Some of the most popular franchises today in the US include McDonald’s, Jiffy Lube, KFC, Subway, Holiday Inn, and countless others. A franchise agreement is where a host company, or franchisor, sells the rights to use a business name and sell a particular product to consumers within a specified sales region. The advantages for many business owners to purchasing a franchise involve less risk and management and marketing assistance from the franchisor. In addition, the franchisee can own a business that has a nationally recognized brand name with a good reputation among consumers. Also, many times franchises who are new to owning and managing a business can receive financial advice and assistance from the franchisor as well.

Often, new business owners find that financial record keeping is one of the most difficult tasks to master when starting a new business. In this instance, franchisors can provide advice and assistance to new franchisees on how to keep up with these tasks. In addition, some franchisors also provide financial assistance, such as payment plans and financing options for new franchisees, which can help to minimize the burden associated with high start up costs. In essence, owning a franchise is kind of like participating in a mentorship, where experienced leaders within the franchisor’s operation assist new franchisees in owning and running their stores.

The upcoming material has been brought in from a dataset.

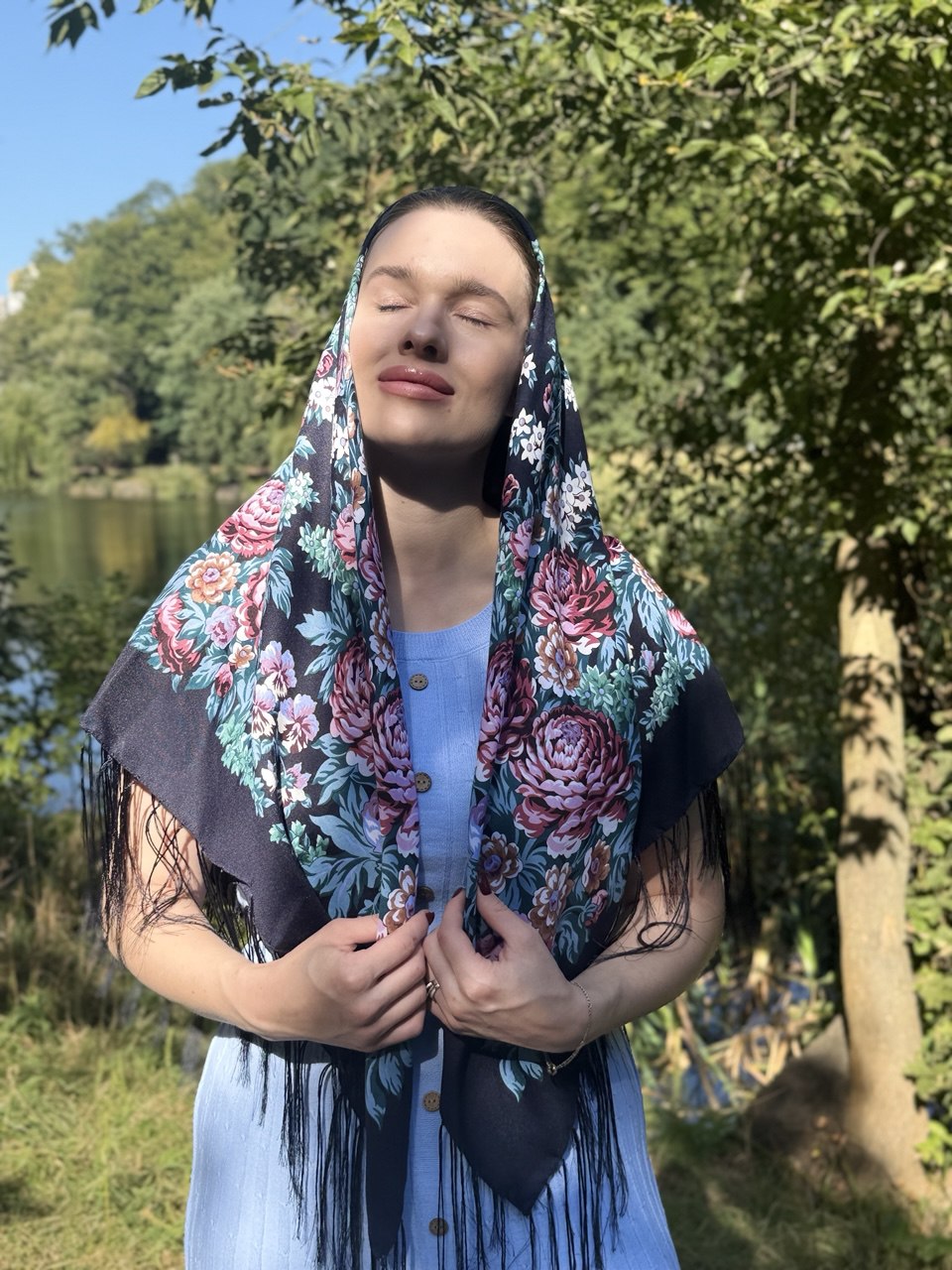 Dark Blue Bohemian Rose & Field Flowers Shawl – Ukrainian Wool 80%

The downsides, however, to owning a franchise are what hold many people back from buying one of these kinds of operations. While franchises historically have a lower failure rate than other types of operations, the cost of purchasing a franchise is often quite high. In addition, franchisees have to share profits with the franchise company, which can be a deterrent for many who would rather take a chance on achieving larger results with their own ideas. Management regulations are often seen as an impediment for some franchise owners as well. Often, disputes among shared management can lead to a great deal of conflict, and imposed regulations can be difficult to adhere to in some regions. The franchisor can also dictate to whom you can sell your franchise, if you ever desire to leave the business.

Also, with some smaller franchises, there is an increased risk of coattail effects. This means that if a number of other franchises fail, the effect can bring down your franchise operation as well. While some opt for purchasing franchise operations because of the reduced risk and the fact that they believe many of these existing franchise operations to be stable and profitable, it is important to keep in mind that there are still a number of fraudulent franchise companies out there, so it is important to do the necessary research into a specific company before investing a large sum of cash into a franchise operation.